There’s no hard and fast rule that says an organisation has to have a declared set of corporate values. It’s a very fashionable thing to do that’s for sure. So many organisations have probably gone ahead and put them in place. It is what comes next that can be the problem.
You see once you declare values you have to live by them. Otherwise you quickly leave yourself open to being accused of double standards. And once that happens, trust is eroded fast.
Here’s a simple example. Last week I was expecting a parcel to be delivered. It was scheduled for Friday. I had an email confirming it was coming. However it did not arrive.
I tried to contact the company concerned – who proclaim they are “focused on the customer”. That’s good. However their website is anything but. They try to drive everything through email but if you send one nothing happens. You get an automatic acknowledgement and a case number and nothing more. Nobody actually does anything in my experience.
In frustration I finally found a number on Monday and rang them. The first three attempts the number rang and then cut off. The fourth time the number rang and a voice told me I was in a queue with 12 people ahead of me. I held for 10 minutes and then decided to call in again on another line – which answered immediately.
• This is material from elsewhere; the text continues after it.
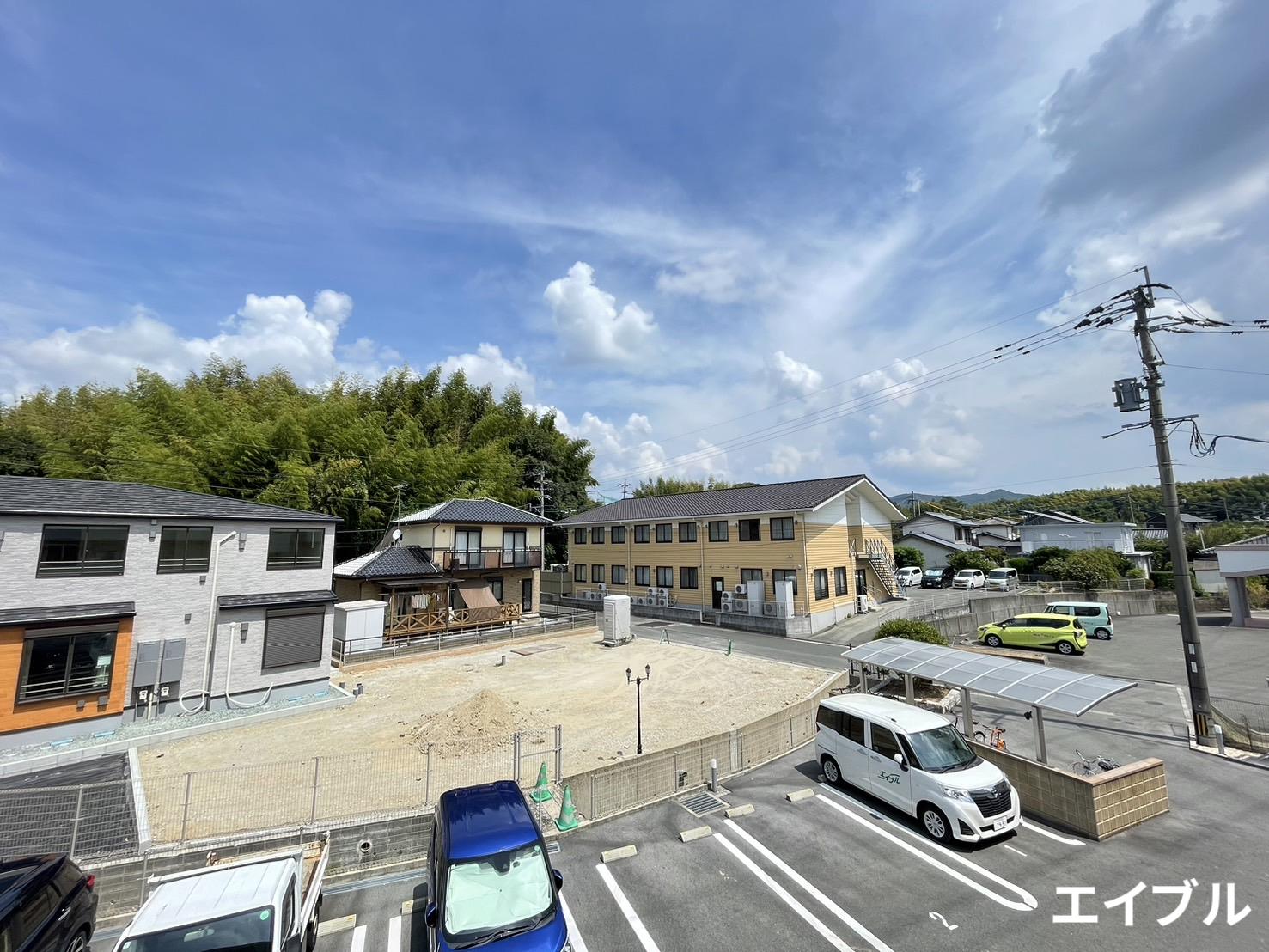 眺望　同じ建物の違うお部屋のお写真です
The other line still being in the original queue – which clearly wasn’t a queue after all…
By now, no matter how my call is answered, I’ve lost all faith in that business being customer focused.
So what’s that got to do with HR I hear you ask? Well the same erosion of trust happens when organisations don’t live up to the values they present to their employees.
For example organisations which allow leaders to be exempt from their declared values. Somehow those with the words “Director” or “Head of” in their job title get away with paying them lip service.
Another common example is the high performer who gets results but whose behaviours are completely at odds with the declared values. That could be a top salesperson that delivers fantastic numbers but treats colleagues with disdain. Or perhaps a hard to find technical expert who is allowed to behave inappropriately because “we can’t afford to lose them”.
A values driven organisation will tackle those individuals. It will dismiss their top performing salesperson or even the CEO if they can’t change. Behaviours will impact performance ratings, bonuses and pay rises. The price to stay is to share the values: or at least it should be.
In reality, how many employers are really brave enough to do all these things? How many duck the issue and say “they are high maintenance but we have to live with it because losing them would damage our profits or upset a key customer relationship”.
The problem of course is that colleagues invariably know who these mavericks are. Often they are the people that make their working lives intolerable. Yet somehow they are “fireproof”.
Failing to tackle behaviour that is out of line with your declared values undermines trust in the organisation. And that only leads to one thing. Poor engagement and eventually people vote with their feet. Or decide if others can opt out, then so can they.
So before you paint those values up on the office wall ask yourself this. Are you prepared to live by them? If not then don’t do it. It could cause more harm than good.